Table of Contents Page


1. Introduction 1

2. Summary of Director’s Duties 1

3. Categories of Directors 2

4. Tenure and Re-appointment Issues 3

5. Restrictions and Disqualifications of Directors 3

6. How to Safeguard against Risks Involved 3

DISCLAIMER: This article is for general information purposes only and does not purport to represent legal advice. If you have any
queries or would like further information relating to any of the matters addressed in this article, please refer to the contacts below or your
usual contact in Dillon Eustace.

Copyright Notice
© 2008 Dillon Eustace. All rights reserved.
Director’s Duties and Responsibilities

1. Introduction

The duties owed by Directors to their company are many and diverse. The overriding principle of Company
Law is that a Director’s duties are owed in the first instance to the company and not to the individual
shareholders or employees. These duties are derived from various sources including common law, case law,
legislation and the articles of association of the company concerned.

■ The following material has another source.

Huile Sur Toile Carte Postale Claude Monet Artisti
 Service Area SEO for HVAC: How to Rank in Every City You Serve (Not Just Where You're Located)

A brief summary is set out below.

It should be noted that no distinction is made in the Companies Acts 1963- 2006 (the “Companies Acts”)
between Executive and Non Executive Directors, in terms of appointment, removal or duties and
responsibilities. This is examined in more detail under the heading Categories of Directors.

It is important that all directors understand the scope of their role and responsibilities including their specific
duties, length of tenure (how long they can hold the appointment), and restriction/disqualification provisions
relating to Directors.

Finally, Directors should consider how to minimise the risks involved during their tenure for example by having
a letter of appointment and ensuring the company provides Directors and Officers insurance.

2. Summary of Director’s Duties

Common law duties can be summarized into three principles:

• Directors must exercise their powers in good faith and in the interests of the Company as a whole.
• Directors are not allowed to make an undisclosed profit from their position as Directors and must
account for any profit which they secretly derive from their position as a Director.
• Directors are obliged to carry out their functions with due care, skill and diligence.

Director’s statutory duties are as follows:

• Duties as a Company officer under the Companies Acts;


• Duty to maintain proper books of account;
• Duty to prepare annual accounts;
• Duty to have an annual audit performed;
• Duty to maintain certain registers and other documents;
• Duty to file certain documents with the Registrar of Companies;
• Duty of disclosure of certain personal information;
• Duty to convene general meetings of the Company;
• Duties regarding transactions with the Company;
• Duties of Directors of companies in liquidation and Directors of insolvent companies.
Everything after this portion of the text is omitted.